Provided records START
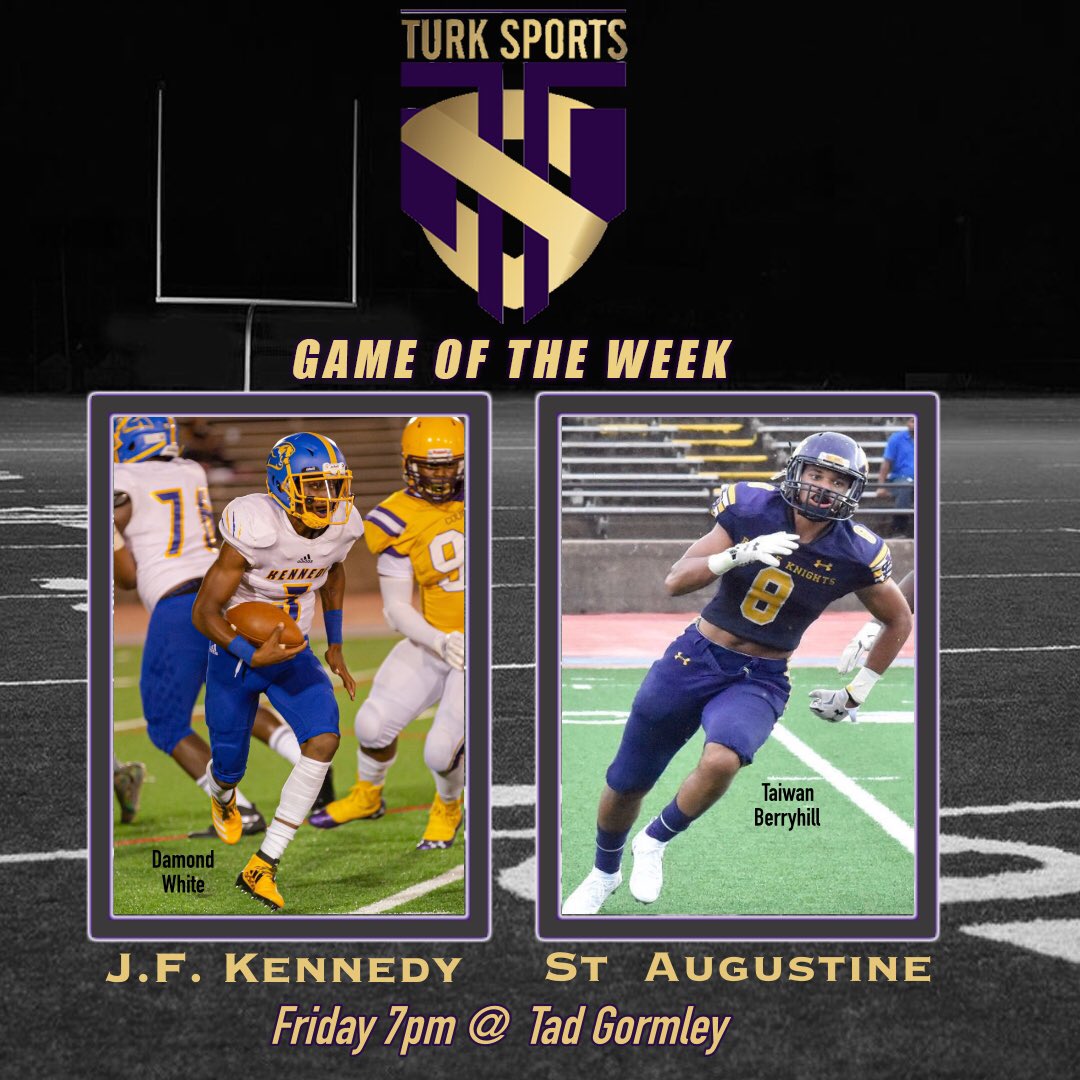 Turk_Sports_'s tweet photo. Week 3 Prep Football Games of the week!! Who ya got? 
•
•
•
#turksports #lifethroughthegame #louisianafootball #warreneaston #ednakarr #carverrams #johnehert #jfkcougars #staugpurpleknights #btwlions #mcmain https://t.co/J2MGBOGyh7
Provided records END
**Problem to work on**
Using the material above, retype each entry exactly and omit the pictures.

**Solution for this task**
 Turk_Sports_'s tweet photo. Week 3 Prep Football Games of the week!! Who ya got? 
•
•
•
#turksports #lifethroughthegame #louisianafootball #warreneaston #ednakarr #carverrams #johnehert #jfkcougars #staugpurpleknights #btwlions #mcmain https://t.co/J2MGBOGyh7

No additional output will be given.